European Union leaders have reached a deal on a landmark treaty to reform the 27-member bloc, officials say.
The treaty will be formally signed by European leaders in mid-December
The agreement in Lisbon was sealed shortly after midnight after objections from Italy and Poland were overcome.
The treaty is designed to replace the European Constitution that was rejected by French and Dutch voters in 2005 and will be formally signed on 13 December.
It includes the creation of a new longer-term president of the European Council and an EU foreign policy chief.
If what will become known as the Treaty of Lisbon is ratified by all member states, it will come into force in 2009.
After seven hours of talks, EU leaders emerged embracing and slapping each other on the back in sheer relief that the most serious crisis in the bloc's 50-year history seemed to be over, the BBC's Oana Lungescu in Lisbon says.
In the last-minute negotiations, Italy gained an extra seat in the future European Parliament, returning it to parity with the UK and restoring Italian national pride, our correspondent says.
Poland secured a guarantee that small groups of countries would be able to delay EU decisions they do not like - a victory for the Polish government just days before Sunday's early parliamentary election, she adds.
Earlier, Austria reached a deal over its bid to maintain quotas for foreign students, with the European Commission agreeing to suspend for five years its legal action over the country's quota.
Bulgaria also won the right to call the EU single currency the "evro", rather than euro, in its Cyrillic alphabet.
The new Reform Treaty is designed to speed up decision making in the expanded European Union. It will also create a new president of the European Council, a new EU foreign affairs chief, a reformed voting system and scrap vetoes in dozens of areas.
However, the 250-page document has been stripped of any trappings of a super-state, such as the mention of the EU anthem and flag.
It amends, rather than replaces, existing EU treaties, a point which some countries - notably the UK - have argued means there is no need for national referendums on the document.
After the agreement was reached, Jose Socrates, the prime minister of Portugal, which holds the rotating presidency, said Europe had emerged from an "institutional crisis".
The UK government says the treaty respects Britain's "red lines"
"With this treaty, Europe is showing that the European project is on the move. Now we can look forward to the future with confidence," he added.

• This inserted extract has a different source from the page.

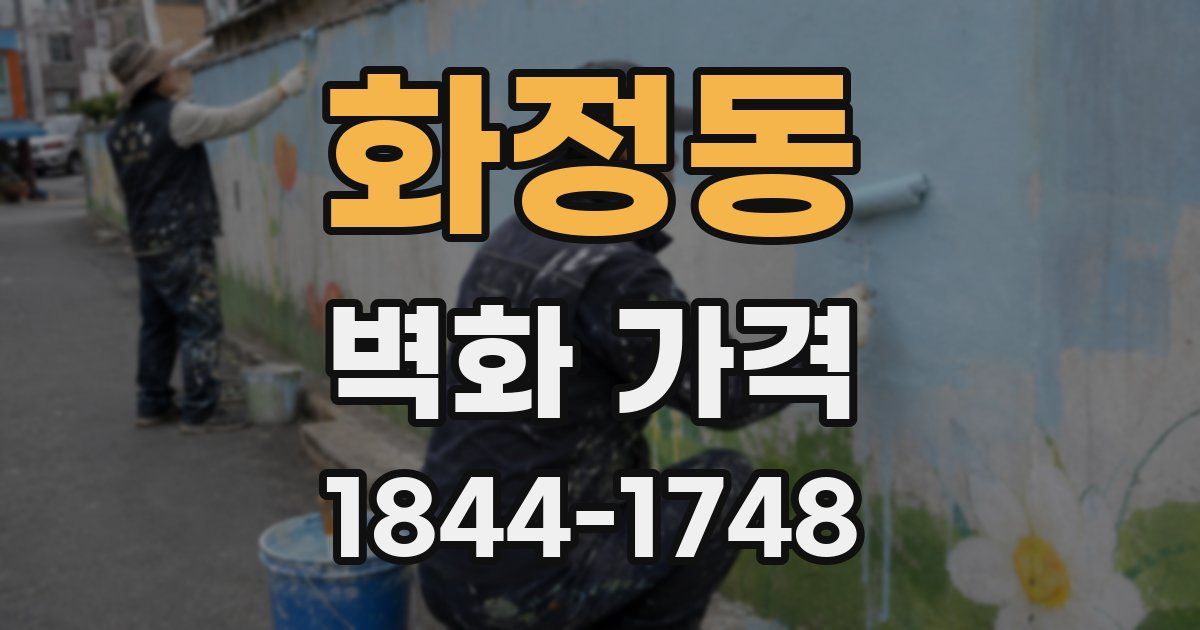 화정동 벽화 가격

European Commission President Jose Manuel Barroso said the treaty was a "great achievement".
"I believe we have a treaty that will give us now the capacity to act," he said.

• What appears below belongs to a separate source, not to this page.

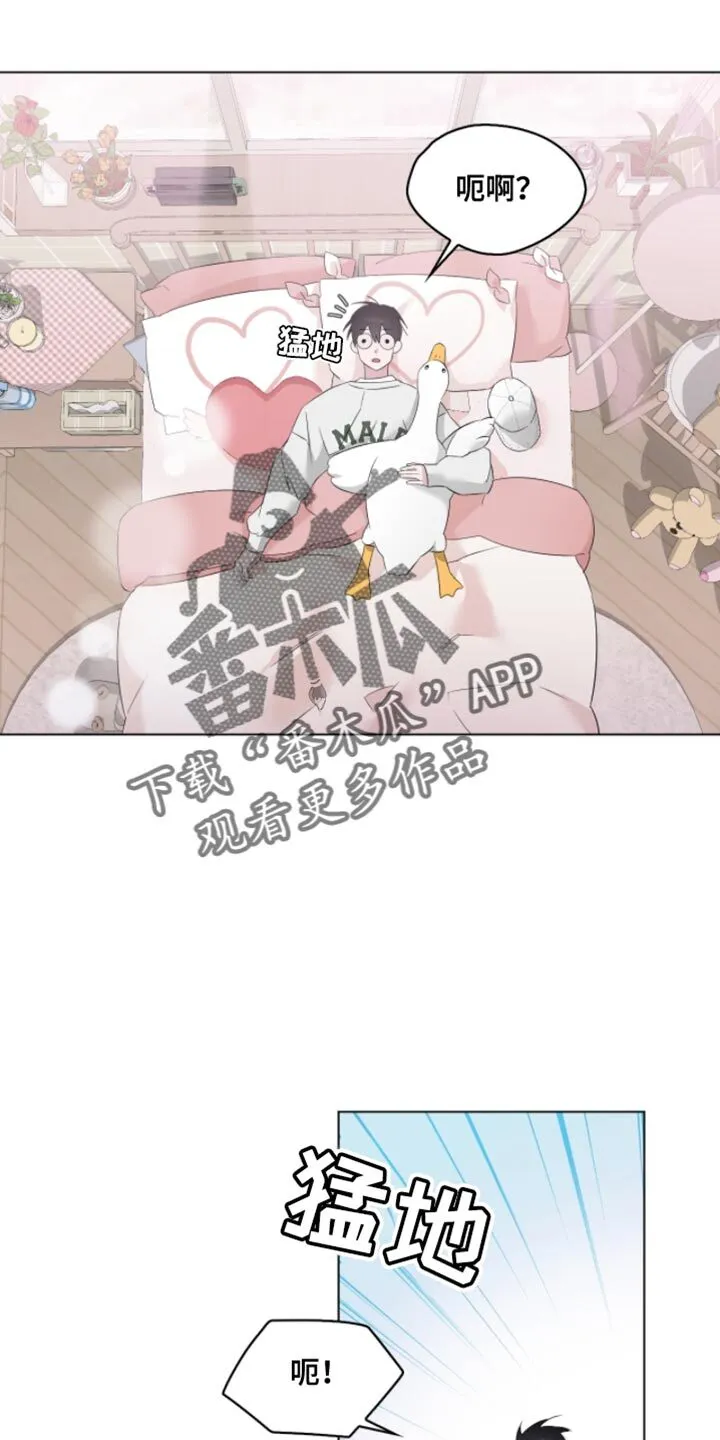 第24章：悲伤的电影 第9页
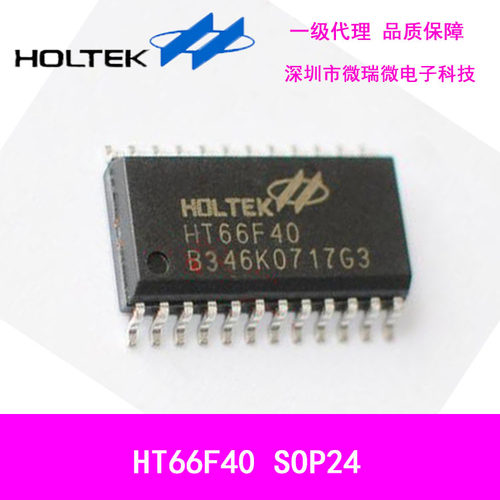 HT66F40  SOP24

"Our citizens want results. They want to see in concrete terms what Europe brings them in their daily lives."
The UK government had little to say in Friday's negotiations.
Prime Minister Gordon Brown said the UK's "red lines", which his government had declared around various policy areas, had been secured.
"The British national interest has been protected," he added.
On Thursday, Mr Brown once again ruled out a referendum on the treaty.
Despite pressure in the UK and several other countries for a popular vote, only Ireland is legally bound to hold a referendum, and most governments will do what they can to avoid another embarrassing failure, our correspondent Oana Lungescu says.